I have discovered something about myself after listening to a sermon on Grace Walk Radio.
I discovered that I have been guilty of being a theologian and not someone who really walks by faith in the grace of God. I accepted doctrine, but I didn't have it yet. I was walking by fear, hoping to receive grace. Trying to touch it, trying to arrive by prayer, Bible reading, holiness. I realize the only way to have it, is to take it. I don't want theology anymore, I want life. I don't want to accept the idea of by grace through faith, I want to live it.
That is pretty scary to me, to know I have had things in my head, but not in my heart. Grace is very scary. You learn discomforting things about yourself. We try to arrive there by dedication, but we don't ever get there because we don't take it. Whoever would save his life will lose it, but whoever loses his life for Jesus' sake will find it. Trust, come, drink, live. Take it. Give up trying and just take Jesus freely. Stop the working, stop all the praying, Bible reading and efforts to grow closer to God and realize He right in the midst of you. Just take Him.
I'm not saying not to pray and read the Bible, I'm saying quit relying on those things to improve your relationship. Rely on Jesus, then you will desire it. He puts His Spirit in us and CAUSES us to walk in His ways. We do nothing but desire, trust, receive, take love, cherish and stare at it all day long, with our mouths hanging wide open watering, in part disbelief that we have the greatest treasure in the world. God is our possession and we are His.

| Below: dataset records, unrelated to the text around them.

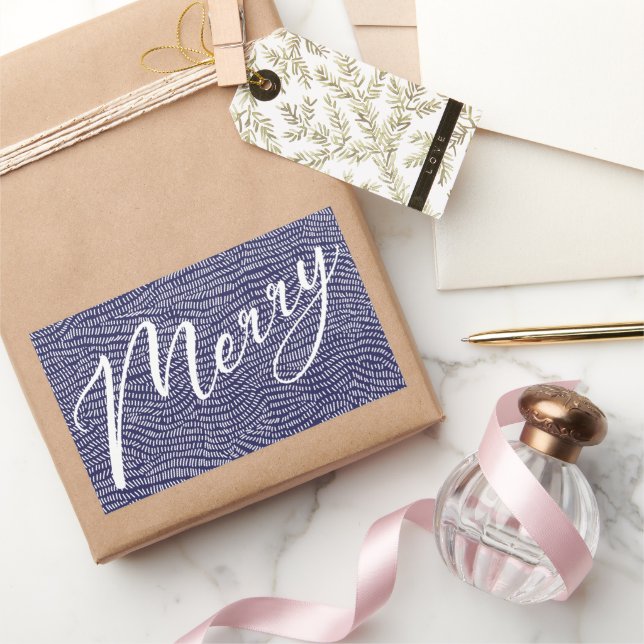 Adesivo Retangular Simples Diversão Azul Garatuja Feliz Natal Feriado (Presentear)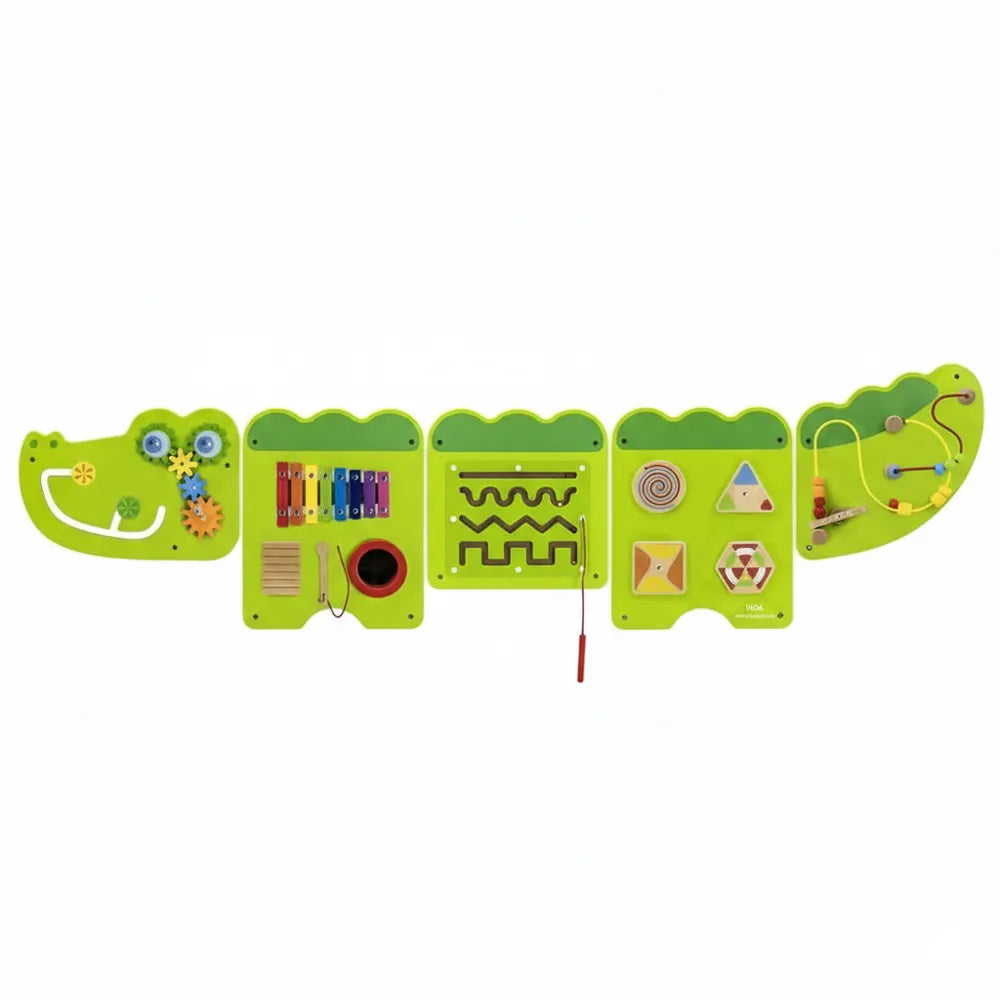 VIGA Toys Juego de Actividades de Pared de Madera Cocodrilo – 18M+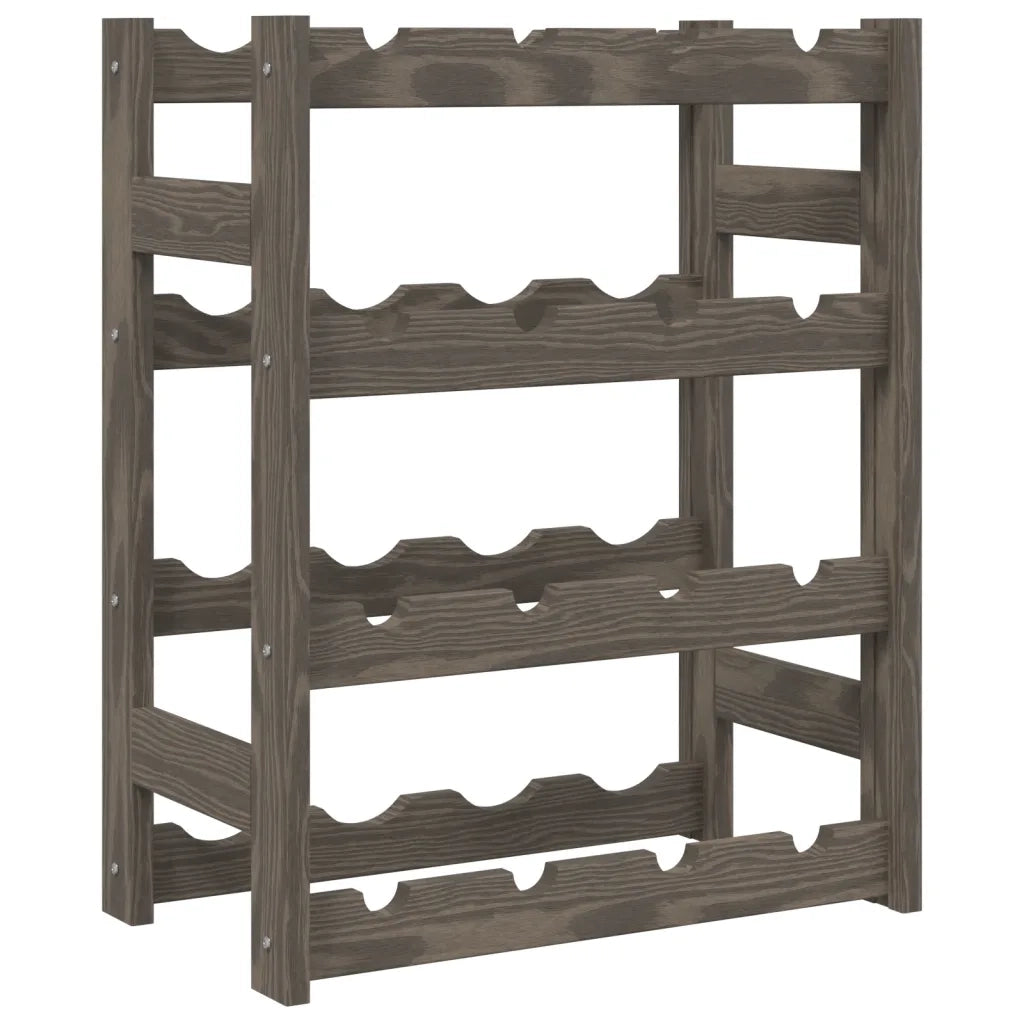 Portabottiglie per 16 Bottiglie Grigio Legno Massello di Pino CFW5967205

"As you received Christ Jesus the Lord, so walk in Him." Walk in Him the same way you receive Him. It's as easy as faith. Don't focus on your faith, just look to Jesus and welcome the righteousness He freely gives. Realize you're not worthy, and don't even try to walk worth. Just take it and let it transform you from the inside. Stop scrubbing the outside of the dish and let Jesus wash you and change you.